Spirit 2.0: What the Let's Buy Spirit Plan Actually Proposes

Peterson is asking people to pledge $45 — which he describes as the average price of a one-way Spirit ticket — to contribute toward a serious bid to acquire the airline. Under the proposed plan, pledge holders would become co-owners of Spirit Airlines with equal voting rights regardless of how much money was contributed. Dividends would be paid proportionally to each person's pledge amount.

The effort proposes transforming Spirit into a publicly supported, community-owned airline modeled after the Green Bay Packers. The movement has quickly gained traction among former Spirit passengers, aviation enthusiasts, and employees affected by the carrier's collapse.

Peterson placed the blame squarely on Wall Street. "Spirit didn't fail because people stopped flying. It failed because Wall Street loaded it with debt and extracted every dollar it could. The routes are real. The demand is real.

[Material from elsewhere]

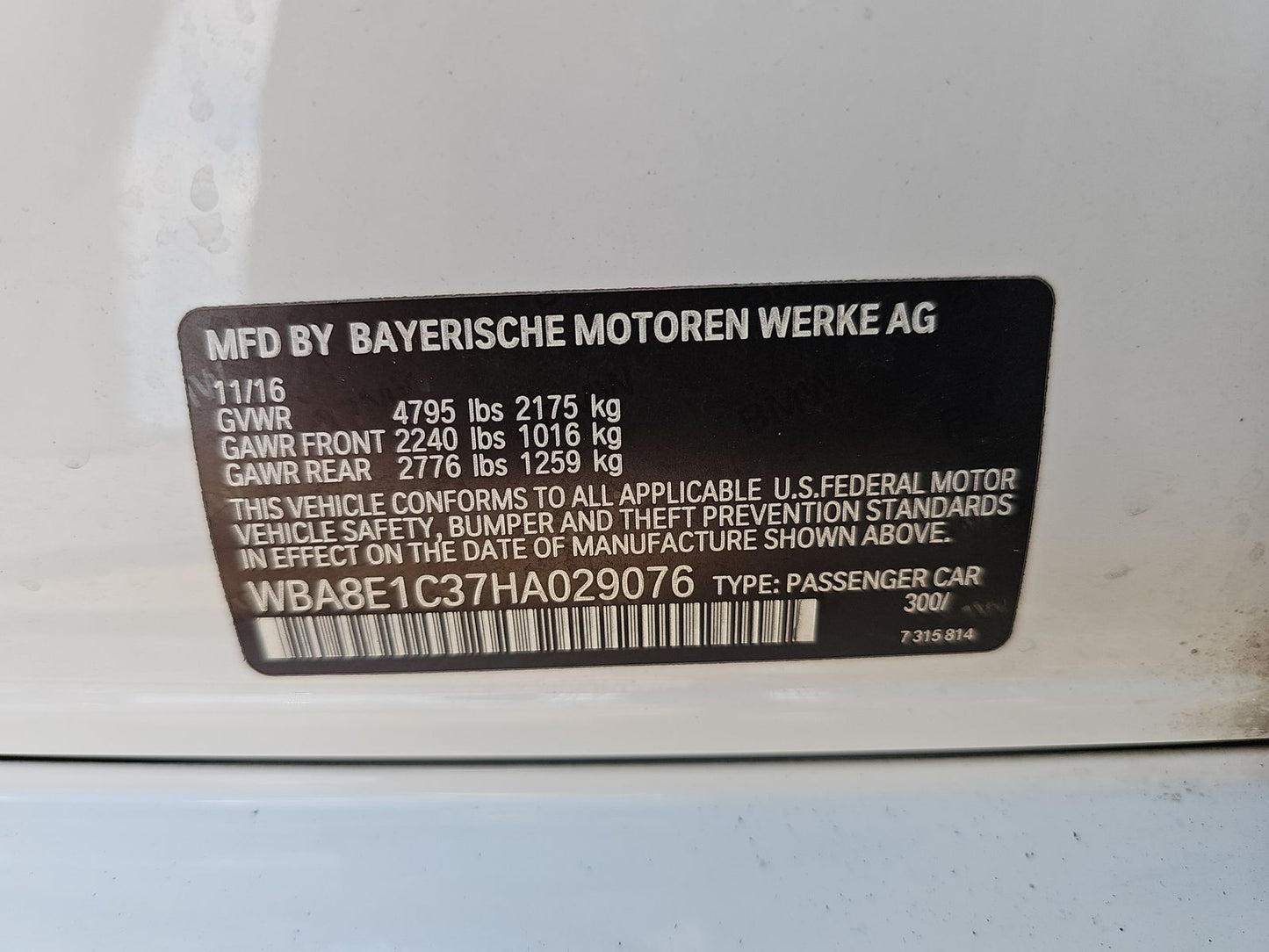 2017 BMW 3 Series Sedan iPerformance M SPORT LINE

The only thing missing is ownership that answers to the people — not to shareholders," a statement on the campaign website reads.

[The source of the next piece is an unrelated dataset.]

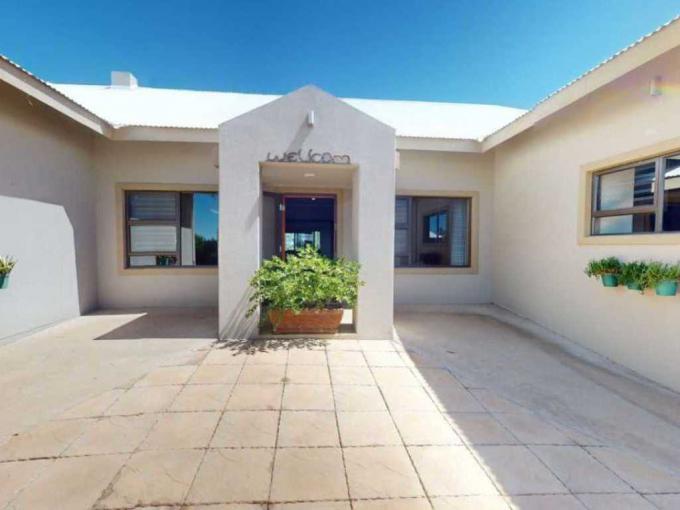 3 Bedroom House for Sale For Sale in Upington - MR628809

How Much Has the Let's Buy Spirit Crowdfunding Campaign Raised

The pledge totals for the Let's Buy Spirit Airlines campaign have climbed at a staggering pace since the site launched on May 2, 2026.

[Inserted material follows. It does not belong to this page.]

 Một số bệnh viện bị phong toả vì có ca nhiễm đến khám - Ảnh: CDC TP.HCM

Date Pledges Raised Supporters
May 3 (overnight) $2.3 million Early backers
May 4 $88 million ~125,000 patrons
May 6 $214 million ~156,000+
May 7 $437 million ~512,347 supporters

The campaign says it is trying to reach a target of $1.75 billion, and that this is all a proposed concept for the time being. No actual money has been collected at any point during the campaign.

Warning: Scam Sites Are Targeting Let's Buy Spirit Supporters

The campaign has gained so much momentum that scam sites have spawned in its wake. Peterson posted on TikTok to clarify that the only official sites associated with his movement are letsbuyspirit.com and letsbuyspiritair.com, and reiterated that pledges only show intent at this time and no money is actually being collected. If a Spirit ownership site asks for payment information, it is a scam.

The clearest signal that the official campaign is not a scam is that nowhere on letsbuyspiritair.com is anyone being asked to send actual money. What supporters are submitting is a non-binding pledge — a statement of how much they would theoretically be willing to contribute if the campaign ever materializes into a real regulated investment offering. No credit card field. No payment information of any kind.

Can the Let's Buy Spirit Airlines Campaign Actually Work

Experts have raised serious questions about whether the Spirit 2.0 model is legally and financially achievable, even with hundreds of millions in pledged interest.

The two examples Peterson invokes — the Green Bay Packers and WinCo Foods — are not the best fits. The Packers are the only publicly owned franchise in major American sports but only because the team was grandfathered in before the NFL banned the structure in 1960. A share of Packers stock now confers no equity, has no payout, and cannot be traded. Neither model translates directly onto a community of strangers pledging $45 each over the internet for a piece of a defunct airline.

There are also multiple regulatory steps required to take over and maintain an airline, including obtaining an FAA Air Operator's Certificate — a time-consuming and expensive process. Transferring Spirit's existing certificate would require both regulatory approval and the consent of Spirit's creditors. Despite the long road ahead, the Let's Buy Spirit Airlines movement has already done something remarkable: it has forced a national conversation about the future of budget air travel and who gets to own it.